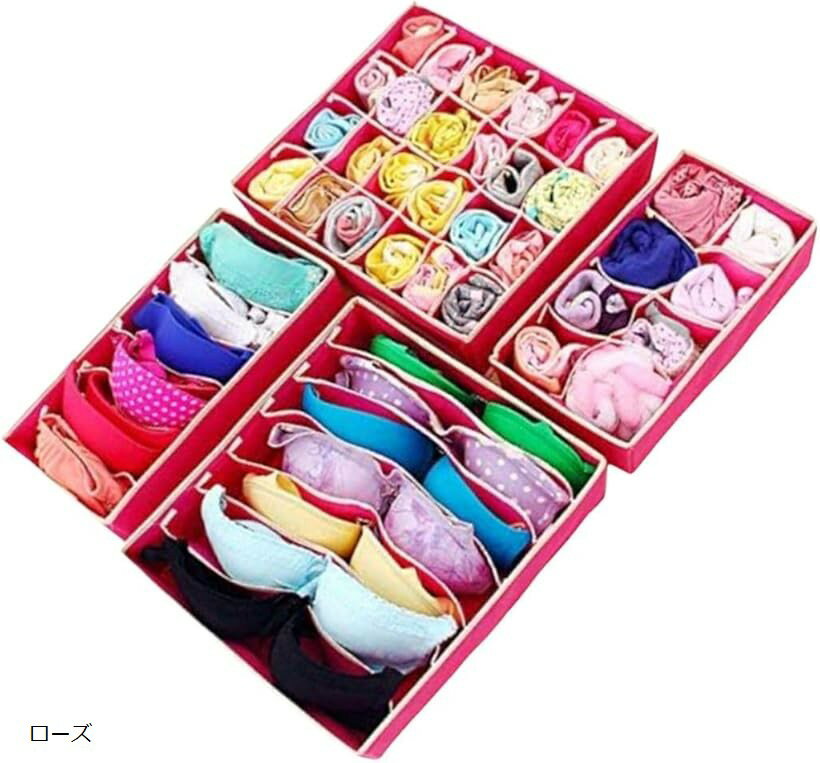 下着収納ボックス 下着収納ケース 折り畳み 衣類 引き出し 仕切り ブラジャー収納 4点セット 靴下収納 型崩れ防止 省スペース 整理 通気 防塵 防湿 無臭 クローゼット 小物入れ (ローズ)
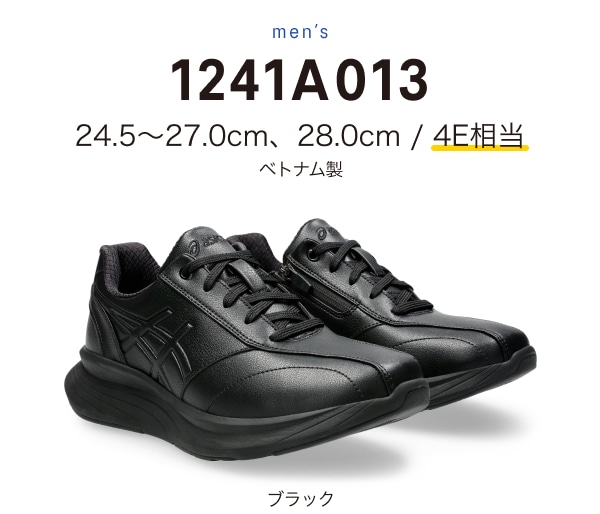 1241A0131 ブラック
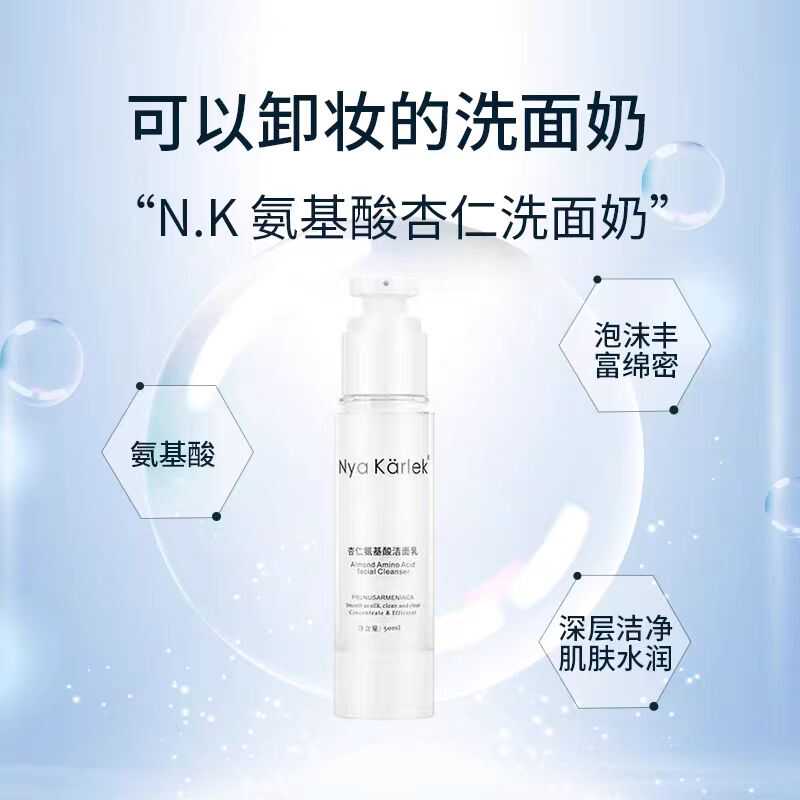 洗卸合一洗面奶洁面温和改善黑头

> _WHAT YOU SHOULD DO_: Copy all of the data above exactly. Leave out every picture.

> _RESPONSE BOX_:
 下着収納ボックス 下着収納ケース 折り畳み 衣類 引き出し 仕切り ブラジャー収納 4点セット 靴下収納 型崩れ防止 省スペース 整理 通気 防塵 防湿 無臭 クローゼット 小物入れ (ローズ)
 1241A0131 ブラック
 洗卸合一洗面奶洁面温和改善黑头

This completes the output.